Unsupervised Learning Explained (+ Clustering, Manifold Learning, ...)


 

This article is brought to you 

and thanks to Brilliant, 

a problem-solving website that teaches you skills 

essential to have in this age of automation. 

In the last video in the series, 

we began on a quest to clear up the misconceptions 

between artificial intelligence and machine learning, 

beginning with discussing supervised learning, 

an essential foundational building block 

in understanding the modern field of machine learning. 

The focus of this video, then, 

will continue right where the last one left off, 

so sit back, relax, and join me once again 

in an exploretion into the field of machine learning. 

As a quick recap, the field of machine learning 

is a subset of the grander field of artificial intelligence, 

and takes place in the intersection 

between big data and data science, 

with data science composed of the fields 

of statistics, mathematics, et cetera, 

with the goal to make sense out of and structure data. 

The intersection of data science and artificial intelligence 

is where a particular subset 

of machine learning takes place. 

Supervised learning, 

a type of learning 

when we have the input and output to our data, 

in other words, labeled structured data, 

and we have to train our model 

to maximize its predictive accuracy. 

Supervised learning is then further subsectioned 

comprised of two primary modes of learning models, 

regression and classification. 

Regression is for predicting continuous outputs. 

In other words, outputs that lie 

on a line of best fit of our model. 

Classification on the other hand, 

is for predicting discrete outputs. 

In other words, mapping input variables 

into discrete categories. 

To add to this, many classification models 

implement regression algorithms as well. 

Essentially, supervised learning for the most part 

is glorified statistical mathematics for 

pattern recognition problems rebranded as machine learning 

because they are applied in a way 

in which we iterate through them 

in other words train the models 

to increase their predictive accuracy. 

As a side note, 

I highly recommend you watch the previous video 

in the series, 

to get a deeper understanding of supervised learning 

as we walked through a quite an intensive example. 
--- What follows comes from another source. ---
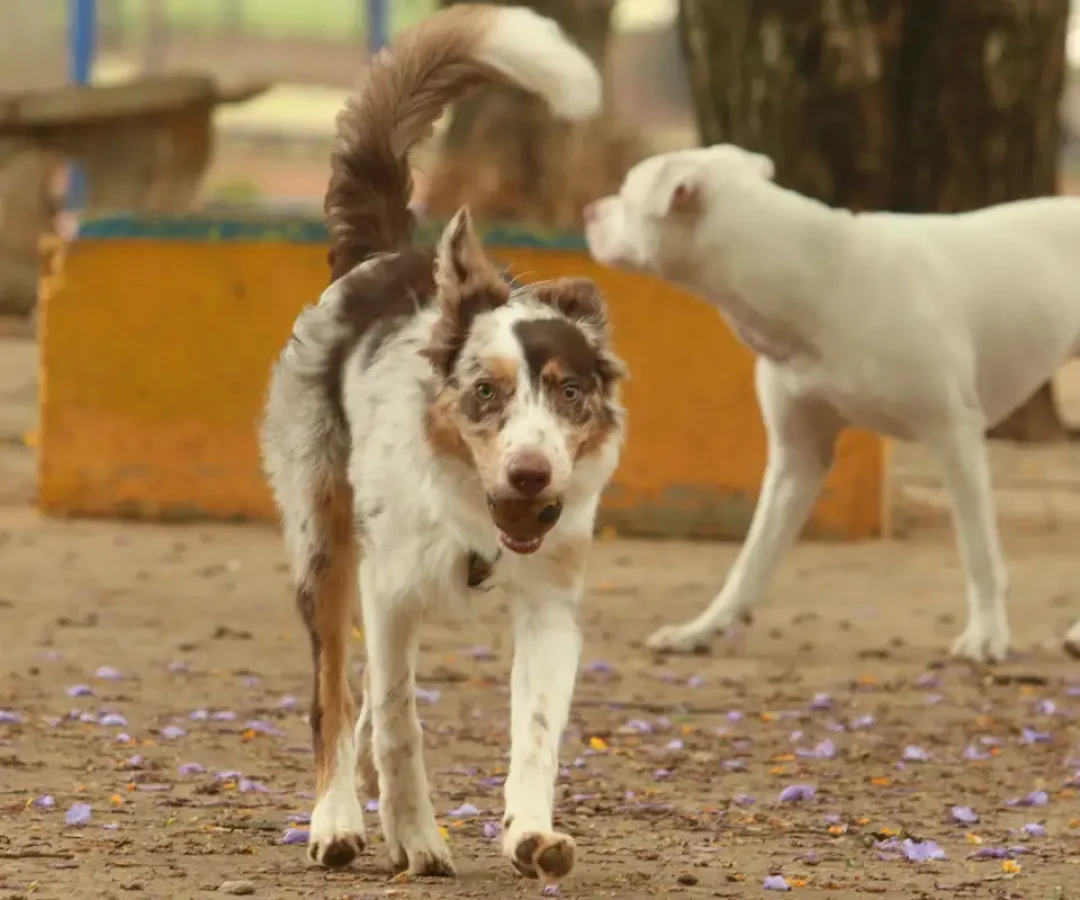© Rovena Rosa/Agência Brasil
Additionally, there is one important bit of terminology 

I wanna discuss 

that we skipped over in the previous video. 

In machine learning variables are referred to as features, 

variables, attributes, properties, features. 

They all mean the same thing 

but for the sake of keeping our terminology consistent 

with industry standard, 

I will use features going forward. 

Coming back on topic with this recap out of the way, 

we can now move onto the next subset of machine learning. 

Unsupervised learning. 

Where as supervised learning is best suited for data 

that is labeled and structured. 

Unsupervised learning is for data that is unlabeled 

and unstructured. 

In other words, we have various input features 

but don't know what their corresponding outputs will be. 
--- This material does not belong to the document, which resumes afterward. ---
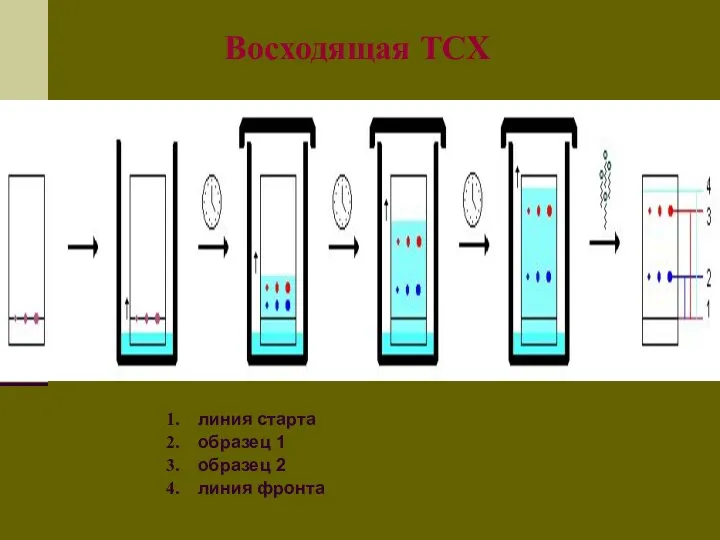 Восходящая ТСХ линия старта образец 1 образец 2 линия фронта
In some cases we don't even know 

what the input features mean. 

Unsupervised learning is more representative 

of most real world problems we have to solve 

and primarily takes place in the crossover 

between big data and the field of AI 

where these unsupervised algorithms are given the task 

of deriving structure from unstructured data. 

Unsupervised learning, like supervised learning 

is additionally sub sectioned into two primary types 

of learning models it covers, association and clustering. 

As in the case of supervised learning 

where aggression is for predicting continuous data 

and classification for discreet 

in unsupervised learning association is for continuous data 

and clustering for discrete. 

To begin with, we will delve into more about clustering. 

Whereas in classification we have predefined labels 

and are trying to fit new data into the correct category 

based on our decision boundaries, 

in clustering, these labels must be derived by viewing 

the relationships between many data points. 

One of the most well known clustering algorithms 

is K-means clustering. 

This algorithm's job is to analyze a decision space 

consisting of a number of data points denoted by N 

and divide them into a number of discrete categories 

denoted by K. 

This number K can be predefined 

or the algorithm can determine the best number 

through the use of an error function. 

Let's do a brief example, 

say if data points consisting of the features of watch time 

and engagement of various videos 

with the goal to determine a way to decide if and when 

they will be recommended or not. 

This example is similar to the last video 

except now this YouTube data is unlabeled and unstructured. 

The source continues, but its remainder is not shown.